None of this is to suggest that you should dismiss these songs or this record as a whole, far from it in fact. Individually and collectively they are by turns fascinating, hilarious, implausible, mesmerising and, most importantly, always colossally entertaining. What makes it so is that, in their original form, none of them were anything other than deadly serious. Discogs and All Music may use the word novelty in describing ‘God Less America’ but I think this is wrong. The original artists involved in producing these songs may have realised the oddness at their heart, their outlier status but none of them were approaching this world from the knowing perspective of say Weird Al Jancovich or even Ween’s ‘12 Golden Country Greats’. It is too easy to hear these songs as pastiche, when for the most part they were anything but, they were deadly serious in both message and performance.

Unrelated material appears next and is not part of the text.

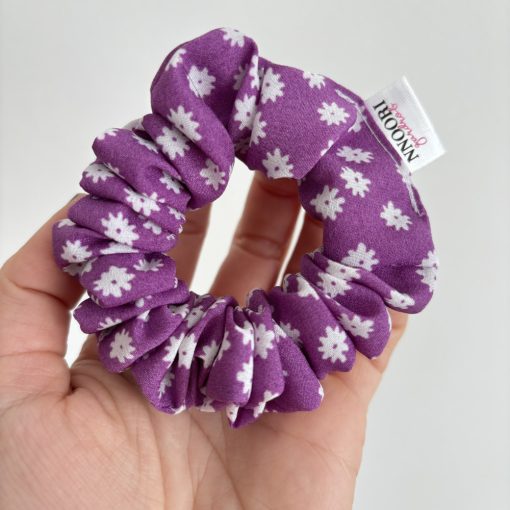 Lilac floral scrunchie (S)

Whilst it is undeniable that ‘God Less America’ was (and still is) seen as a kitsch artefact, that is not the way these tracks were written, recorded and released in their original form. These songs were fashioned to offer country music as the wholesome antidote to the nefarious ‘anti-social’ goings on they depicted. They were evidently sincere and heartfelt, if sometimes poorly conceived and executed, attempts to engage with the country music audience. They were however also recognised as being outside the mainstream country music cannon, occupying a kind of outlier position that brought into relief the overly serious, even self-regarding sincerity and sentimentality of much of country music at the time.
So we have two ‘God Less America’s. Each compiled from somewhat distasteful and exploitative stories that were fabricated to represent a set of values most of us have no time for. Fortunately at least one of these is available on 12 inch black vinyl – the only format this LP’s outsider status warrants, even though it was has eventually been released on CD. Add to that the virtually information free yet still perfect sleeve that must have taken all of 25 minutes to design and get print ready and we have an artefact that, 28 years after its release., still fascinates and entertains in equal measure.
The vinyl record was released with both blue and yellow labels. A copy with a yellow label will cost you £20 – £25, a blue label goes for £30-£40. However the record is very rare in the UK and you may well have to shop in the USA to obtain a copy, in which case you would also have to pay hefty postal charges. There were also a small number of white label promos, which have never even been listed on Discogs, let alone sold, so if one did come up then your guess is as good as mine. The CD version is also quite scarce, so expect to pay £10 – £15 to secure a copy.
*Fun cover image fact: the sign for the Lariat Motel, Fallon Nevada, which is the cover image, is now owned by the Churchill Arts Council and is posted as a kind of public art installation on the outskirts of town. The actual motel is long gone.